Jesus answered, “Neither he nor his parents sinned; it is so that the works of God might be made visible through him.” (John 9:1-41)
NEITHER HE NOR HIS PARENTS SINNED.
So, in other words. He had no fault. He had spent his life as a social outcast. His parents had lived with a blind child, and now a blind adult - with all in the community judging them as ‘sinners’ - which was the thought process back then. (Are ours any different now? Are they not simply the way our culture ‘thinks’? Are they more correct? I would argue: No.)

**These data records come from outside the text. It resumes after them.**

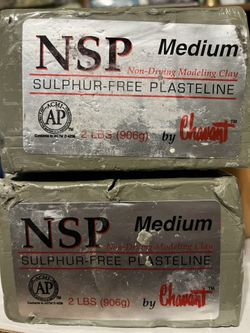 NSP Non-drying Modeling Clay by Chavant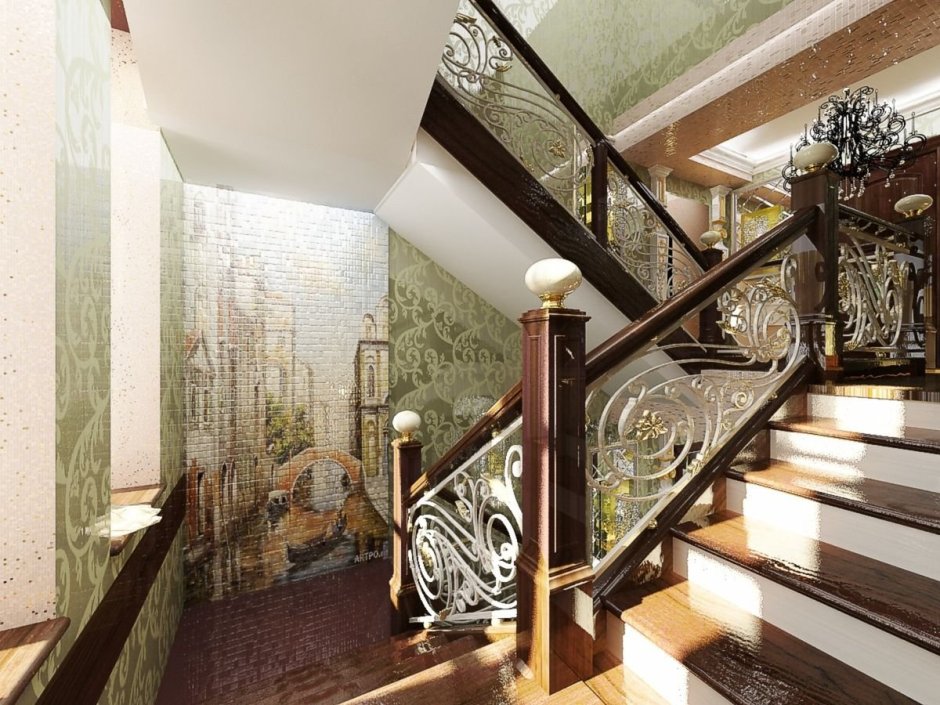 Luxury Antonovich Design лестница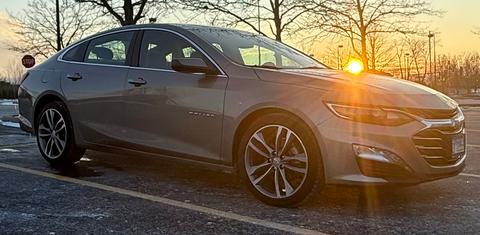 Chevrolet Malibu 2025
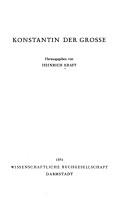 Cover for Konstantin der Grosse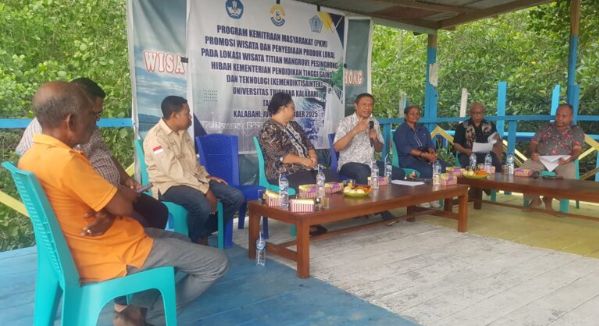 Kolaborasi Untrib Kalabahi Dan Kemendiktisaintek Berdayakan Kelompok Wisata Titian Mangrove Pesinghong Di Alor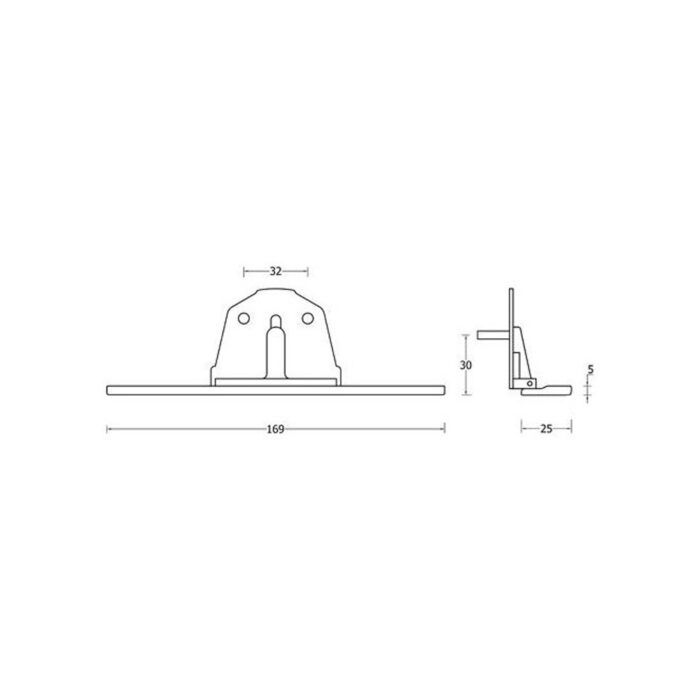 Baldacci Mobilya Kulpu - V500 - Görsel 2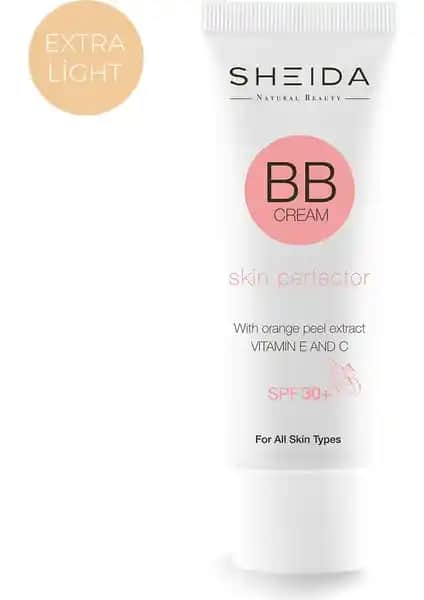 Sheida BB Krem Extra Light: Hafif ve Doğal Görünüm Sağlayan Çok Yönlü Kozmetik Ürünleri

But back to the poor blind man. A life of difficulty - a life of the community smugly assuming that they know ‘why’ (some hidden sin in the family). And yet - WHAT WAS THE TRUTH?
The truth was something that absolutely NO ONE could ever know.
It was done so that when Jesus showed up on that road, in that place and in that time, He could demonstrate the power and works of God. So that many, many more could believe - and be saved.
As it was for Joseph in the Old Testament. When his brothers asked if he would kill them due to them selling him into slavery as a young man, Joseph wept. Then he said, “Fear not, for am I in the place of God? As for you, you meant evil against me; but God meant it for good, to bring it about that many people should be kept alive, as they are today.”
Why do we only assume that ‘good’ actions are from God?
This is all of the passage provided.